Egon Schiele - negative spaces

Egon Schiele's Seated Male Nude 1910

I went to Vienna a few weeks ago, and it was the most amazing trip of my life. I'm sure to refer back to it a lot in future, but for the time being I want to talk about my Schiele experience.

The day we were setting off, a book on Viennese Art arrived, so I dove into it, reading about the Succession in relation to the politics of the time. The last artist covered in the book was Schiele. What I knew of him was from postcards I'd seen as a student of line drawings of women with red hair and legs akimbo.

So, while in Vienna, I visited the Leopold Museum, and got my socks knocked off. Nearly a whole floor is dedicated to Schiele, and it holds, amongst other treasures, his 'Seated Male Nude - a self portrait'. It's about 2 metres square, and it grabbed me from the first.

I'm not sure how long I stood in front of it, about 20 minutes or so? I kept discovering different things as walked closer to it, then stood back again over and over; the graphic outlines round the body, the over-painted chalky background, the hairs on the legs like twisted wires, the curious spaces formed by the area between the upraised arm and the head, the belly shape, the three red circles formed by the nipples and the single eye, the way he 'amputated' the limbs...... take a breath! ......the hair, the hip bones, the way he's broken it into composite shapes, and yet still manages to create a solid form, which made me think of Picasso's cubist figures.

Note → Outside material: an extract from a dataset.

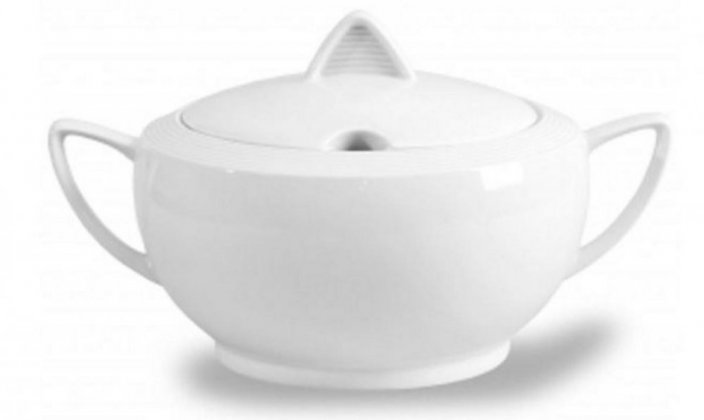 Ceramiczna miska do zupy Lea 2,7l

I bought a print of it which is now on my living room wall. In fact, when I emerged from the museum and met up with my husband again, I showed him the dozen or so postcards I'd picked up, and asked him if he could guess which one I'd also bought a print of. Amongst them were landscapes, portraits, abstracts, and interiors. He picked the seated male nude straight off, he knows me so well.


Kelly said...

I think it looks like an ant at first glance, but I guess that's why you are the artist and not me. I did think it was very funny when after sitting chatting for 2 hours while the children played and it was hanging over our heads, you said "do you think it's ok to leave this up when children visit?"
Kelly x

Yellow said...

I do want to hang more of the art I love round the house. The thing is, there are many works I love, but which I couldn't live with. At least I have a studio I can hand pictures in, where my kids are forbidden from treading. Don't worry, they're not restricted because of inappropriate images, but because I don't want kid's fingers and wet oil paints don't mix well.

D Personeus said...

Egon's work was been a favorite of mine since my years studying illustration at FIT in NYC. I have recently found myself drawn to his work again as I pick up my own paint brush and look for inspiration again after 25+ year in the business world. Glad to find someone else who has been equally as moved by his work.